Assignment: Output the data unchanged and complete, minus the images.

:: Data block

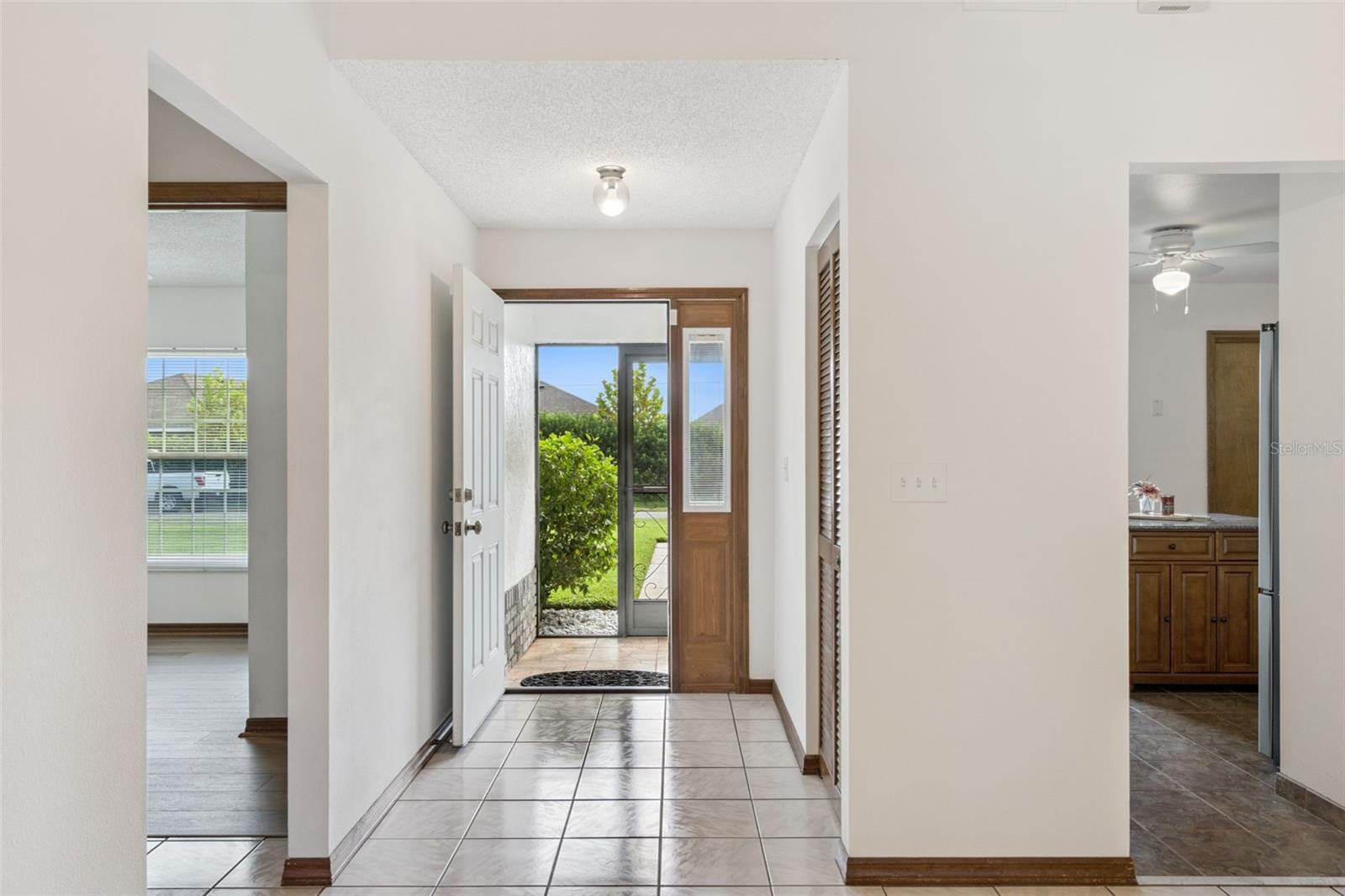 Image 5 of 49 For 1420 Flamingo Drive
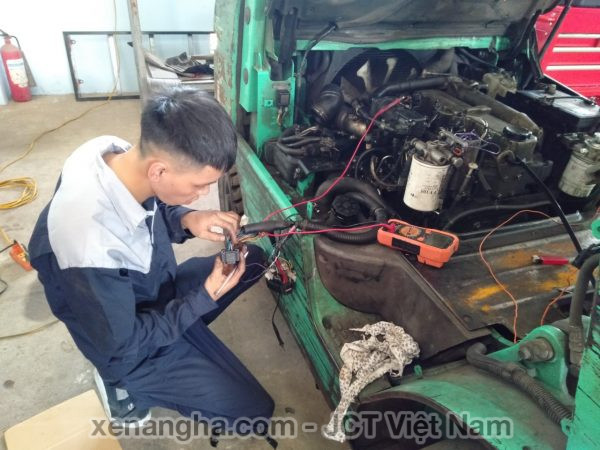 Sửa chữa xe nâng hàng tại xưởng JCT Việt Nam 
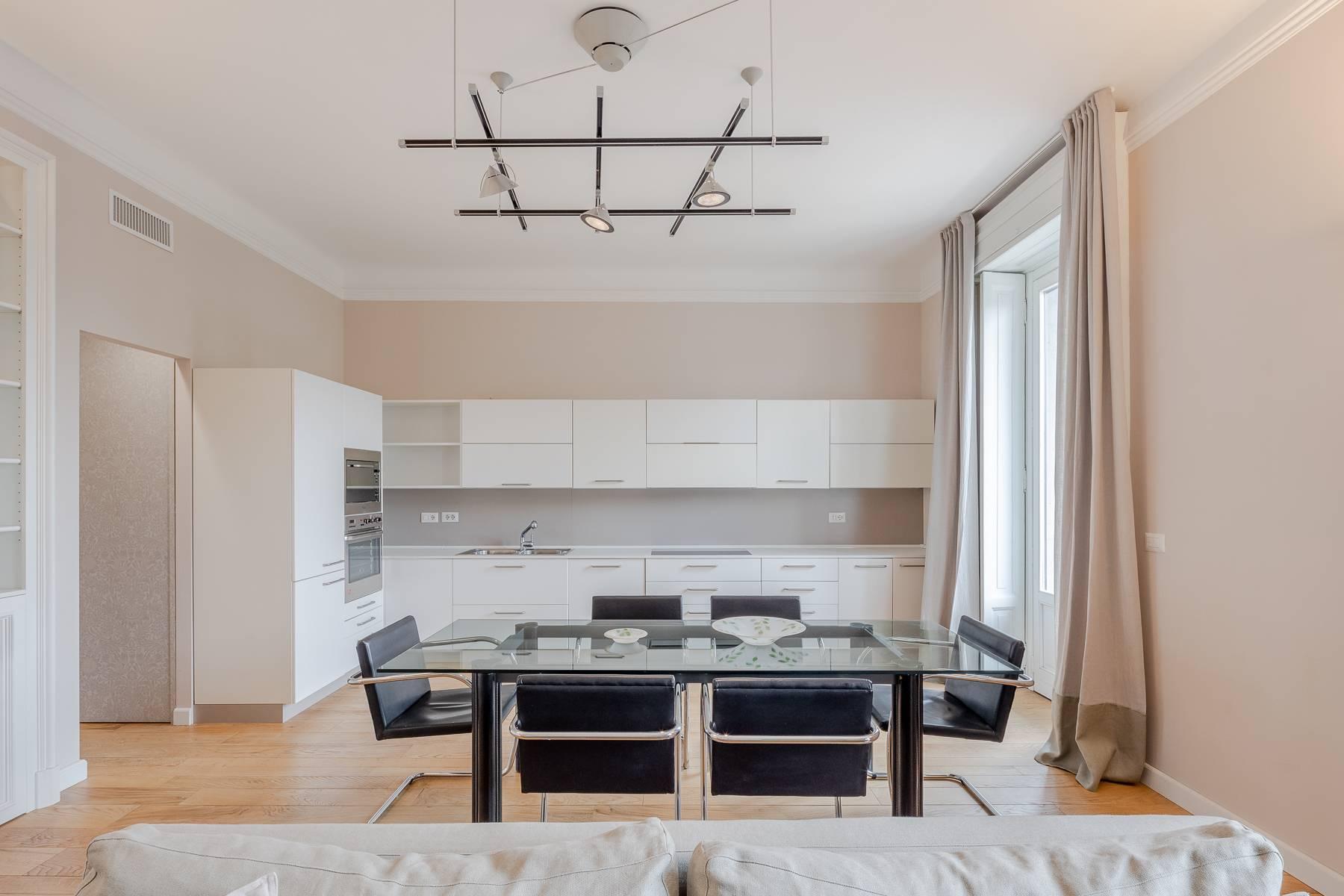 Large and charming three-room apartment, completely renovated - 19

::::

Worked solution:
 Image 5 of 49 For 1420 Flamingo Drive
 Sửa chữa xe nâng hàng tại xưởng JCT Việt Nam 
 Large and charming three-room apartment, completely renovated - 19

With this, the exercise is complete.